July 09–10, 2015 Zurich

The Swiss National Bank (SNB), together with the Bank for International Settlements (BIS), the Globalization of Monetary Policy Institute at the Federal Reserve Bank of Dallas and Center for Economic Policy Research (CEPR), will organize a one-and-a-half day conference on “Inflation Spillovers of Conventional and Unconventional Monetary Policy: The Role of Real and Financial Linkages” to be held in Zurich on July 9–10, 2015.

Thomas Jordan (chairman of the SNB’s governing board) and Claudio Borio (head of the Monetary and Economic Department at BIS) will deliver keynote speeches.

Selected papers presented in the conference will be considered for an expedited review process for a Journal of International Money and Finance special issue titled “Spillovers of Conventional and Unconventional Monetary Policy,” which will be scheduled to be published in 2016. Since its launch in 1982, the Journal of International Money and Finance has built up a solid reputation as a high-quality scholarly journal devoted to theoretical and empirical research in the fields of international monetary economics, international finance and the rapidly developing overlap area between the two.

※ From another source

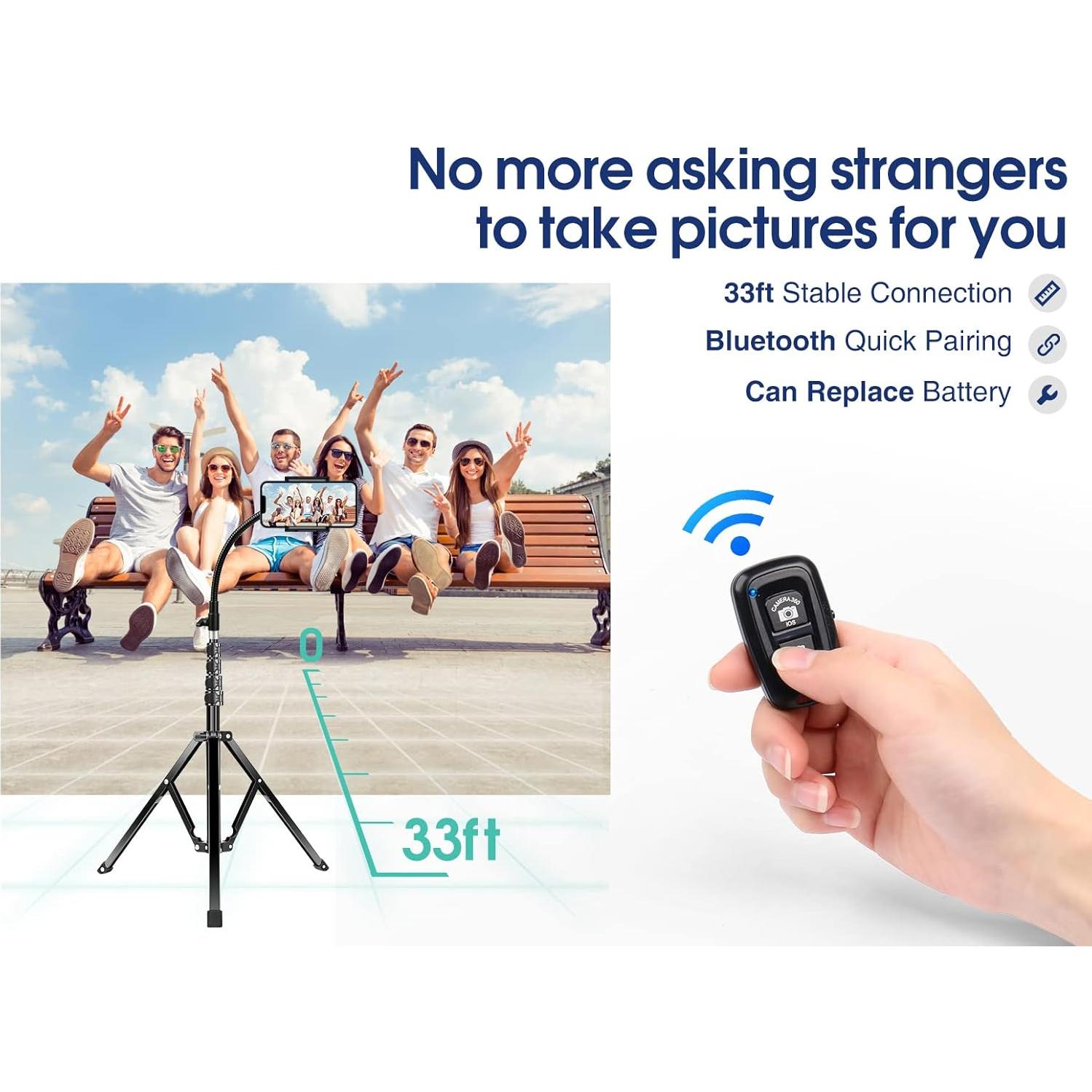 Trípode para teléfono Elitehood PT-02 2.03m con control remoto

The Financial and the European Debt Crises prompted extraordinary policy responses on the part of central banks around the world. Some of these policy responses were coordinated, but all were directed at fulfilling domestic mandates for price stability and financial stability. Fears that the dramatic expansion of central bank balance sheets would lead to higher inflation at the consumer level have so far proven unfounded, whether due to still abundant slack in many countries or well-anchored inflation expectations. But it has been argued that an extended period of ultra-easy monetary policy is manifesting itself in excessive risk taking, bubbles in certain asset classes and price pressures in countries that are recipients of capital in search of yield that will ultimately lead to higher inflation globally. At the same time, the rapidly growing emerging and developing economies account for a larger share of global exports. Recent evidence has linked this export boom to declines in prices, wages, and manufacturing employment in advanced economies. The disinflationary impact of the integration of low-wage economies onto the global trading system has challenged our understanding of the price setting process and the definition of the output gap at the national and international level.